**Directions:**
Set the material down again exactly, line by line, skipping each picture.

=====

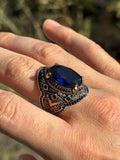 Handmade 925 Sterling Silver Men's Ring: Sapphire Stone, Vintage King Design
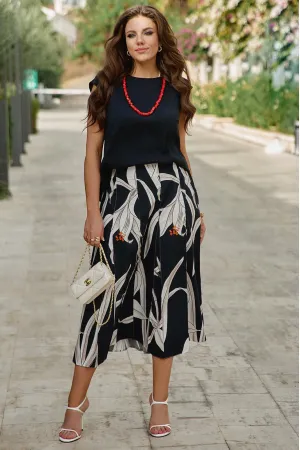 Юбка Vittoria Queen 28683ю черный, молочный, принт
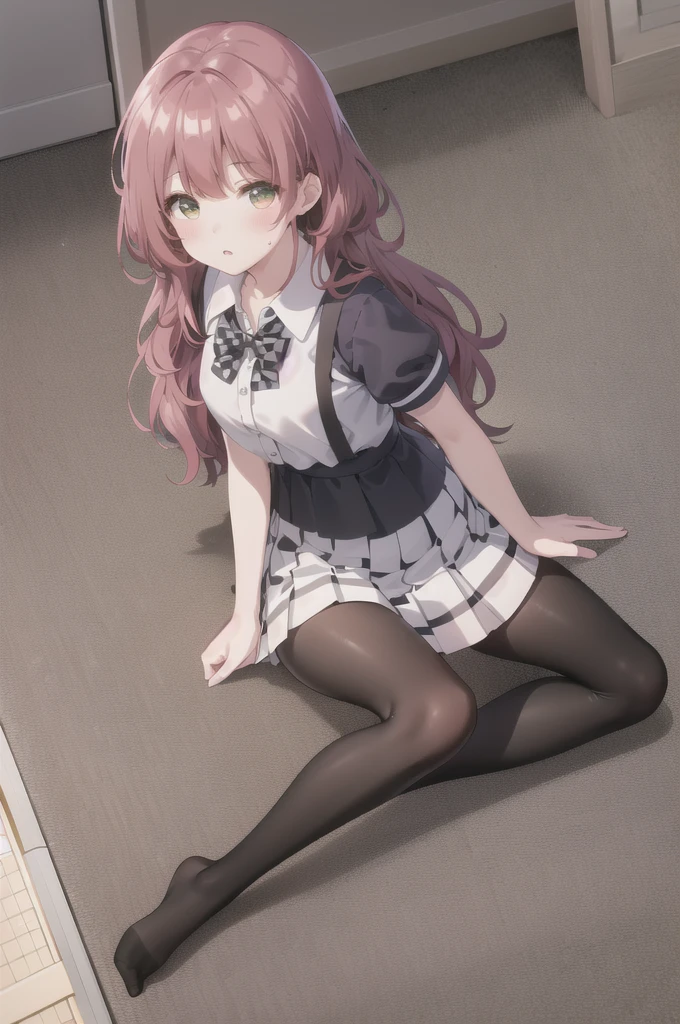 (8K、Best image quality、Highest quality、masterpiece)、One tall girl、((whole body))、Sit on the floor with your legs spread、White panties are visible、Long Hair、Wavy Hair、blush、Medium Bust、White collared shirt、Short sleeve、((Checkered pleated mini skirt))、Classroom Background、((black tights))、Black Pantyhose、((No shoes))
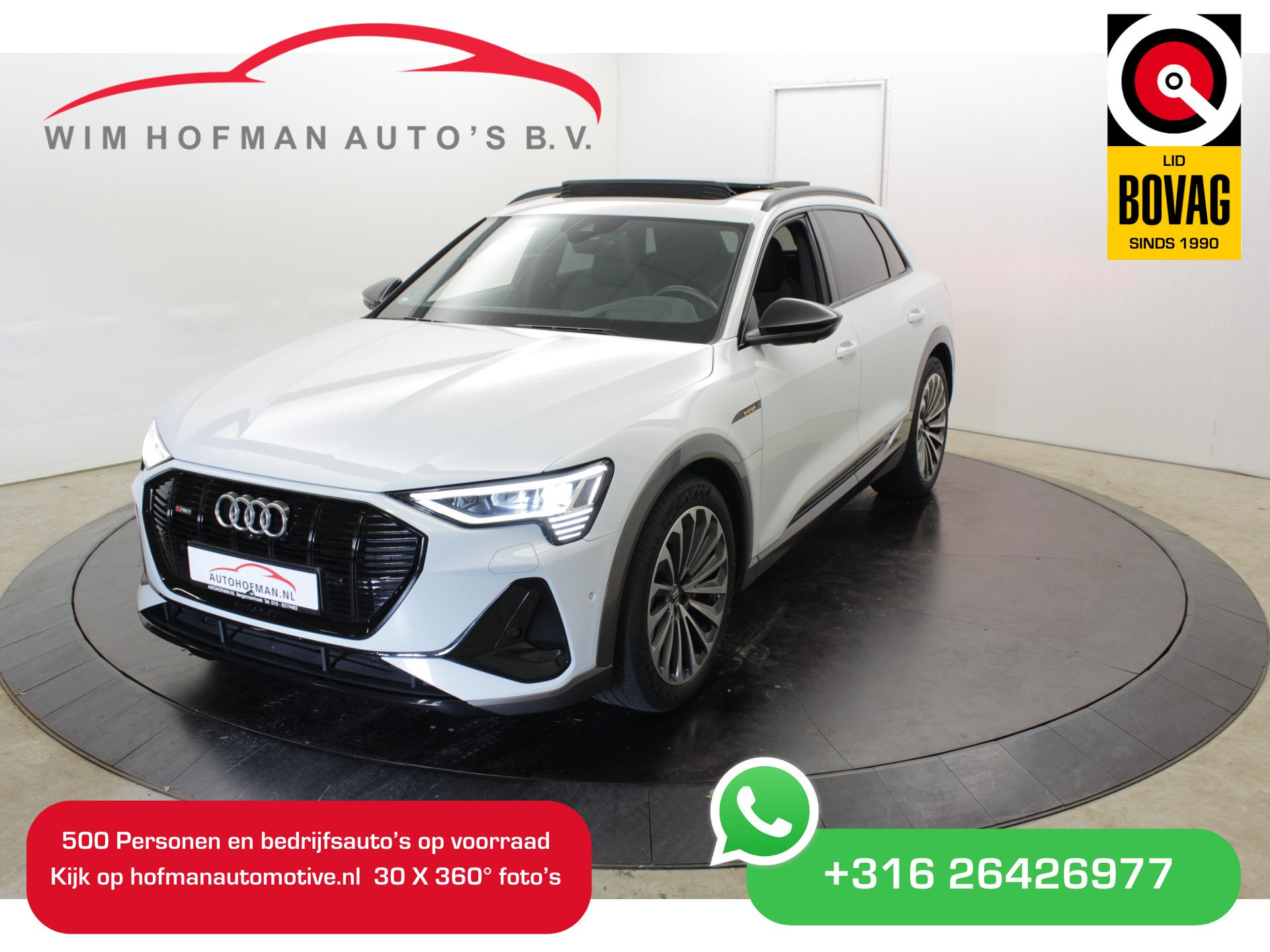 Audi e-tron 408 PK incl BTW 8% bijtelling S-Line Pano 360ºCam Ruitleer afnTrekhaak 21”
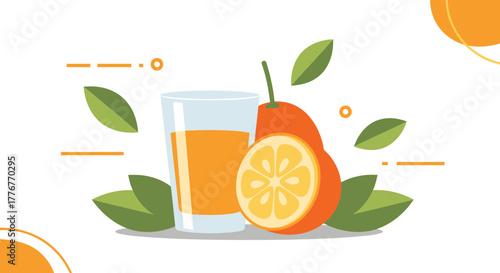 Freshly Squeezed Citrus Juice Artwork Depicting Healthy Eating And Refreshment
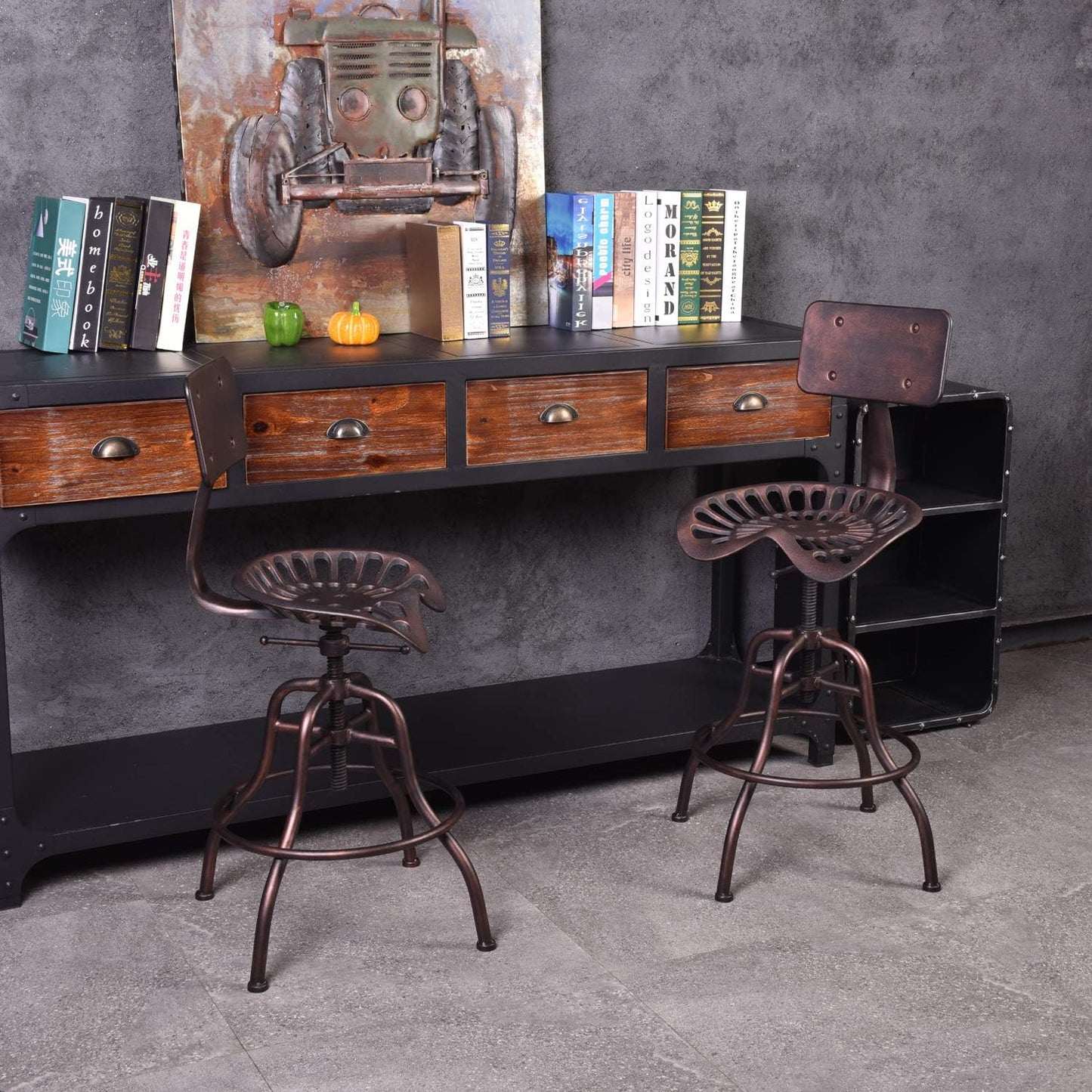 Diwhy Industrial Design Metal Adjustable Height Backrest Chair Vintage Tractor Saddle Bar Stool (Copper)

=====

**Expected answer:**
 Handmade 925 Sterling Silver Men's Ring: Sapphire Stone, Vintage King Design
 Юбка Vittoria Queen 28683ю черный, молочный, принт
 (8K、Best image quality、Highest quality、masterpiece)、One tall girl、((whole body))、Sit on the floor with your legs spread、White panties are visible、Long Hair、Wavy Hair、blush、Medium Bust、White collared shirt、Short sleeve、((Checkered pleated mini skirt))、Classroom Background、((black tights))、Black Pantyhose、((No shoes))
 Audi e-tron 408 PK incl BTW 8% bijtelling S-Line Pano 360ºCam Ruitleer afnTrekhaak 21”
 Freshly Squeezed Citrus Juice Artwork Depicting Healthy Eating And Refreshment
 Diwhy Industrial Design Metal Adjustable Height Backrest Chair Vintage Tractor Saddle Bar Stool (Copper)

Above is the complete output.